影像座標轉換是將,影像中某個像素,映射到另一張影像的某個位置,常見的應用有:縮放&旋轉&校正變形影像。
在OpenCV之中,是透過cv::remap()的函式來達成。
本文就是針對remap的函式進行解析。
1. 呼叫OpenCV的remap函式:1.1 remap的函式宣告如下(*1):
cv::remap(InputArray src, OutputArray dst, InputArray map1, InputArray map2, int interpolation, int borderMode=BORDER_CONSTANT, const Scalar& borderValue=Scalar());
src : 想要轉換的影像(任何影像型別)。
dst : 轉換後的影像(與src一樣的型別) 。
map1 : 指定src轉換的座標到dst(X座標),型態可以是CV_16SC2(X,Y) , CV_32FC1(X) , or CV_32FC2(X,Y) 。
map2 : 指定src轉換的座標到dst(Y座標),假設map1為CV_32FC1,則需要輸入此參數,反之,將此參數設定成空白的Mat。

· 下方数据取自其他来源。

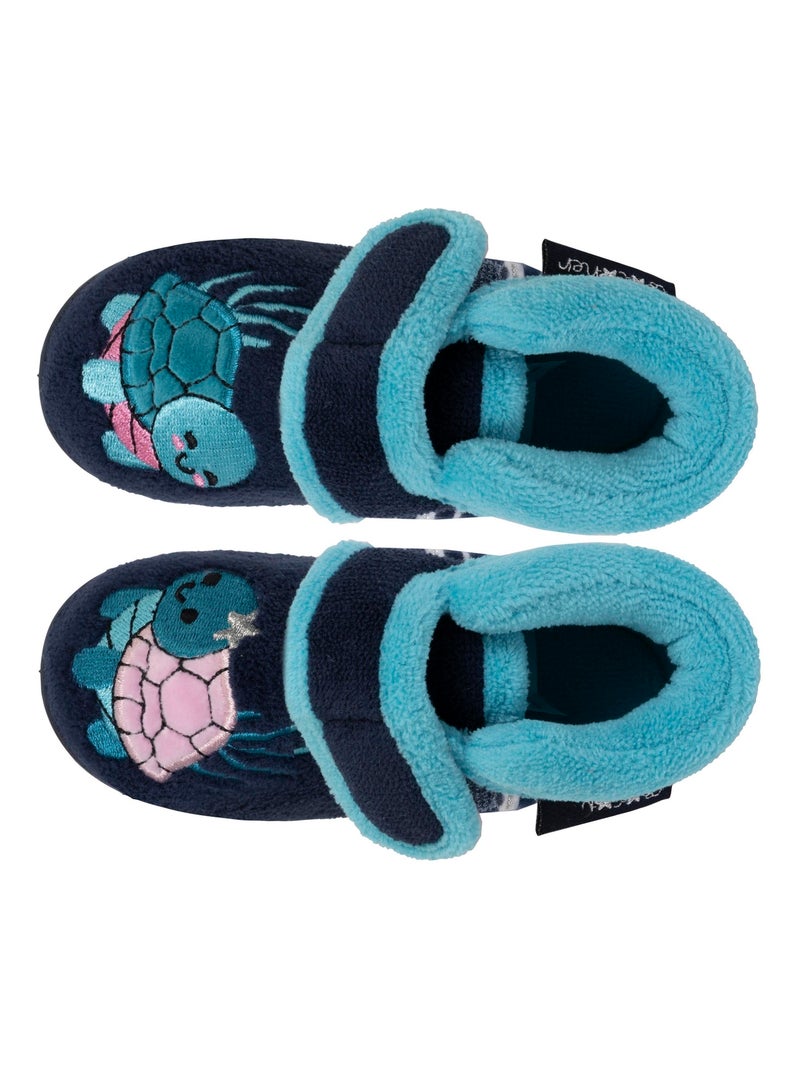 Chaussons bottillons à scratch, bon maintien du pied, semelle antidérapante bébé fille Isotoner Bleu marine - Kiabi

interpolation : 指定在帶有小數點座標時如何轉換,轉換方法有:
(1) INTER_NEAREST : 將小數點的座標做四捨五入,取整數位的座標位置,假設座標為(0.3 , 0.8)則轉換為(0 , 1),轉換的灰階值就會是從src(0 , 1)轉換。
(2) INTER_LINEAR : 將小數點的座標,利用線性內插的方式(2 * 2),找到轉換的灰階值[*2 ]。
(3) INTER_CUBIC : 將小數點的座標,利用三次內插的方式(4 * 4),找到轉換的灰階值[*3]。
(4) INTER_LANCZOS4 : 將小數點的座標,利用LANCZOS的方式(8 * 8),找到轉換的灰階值[*4]。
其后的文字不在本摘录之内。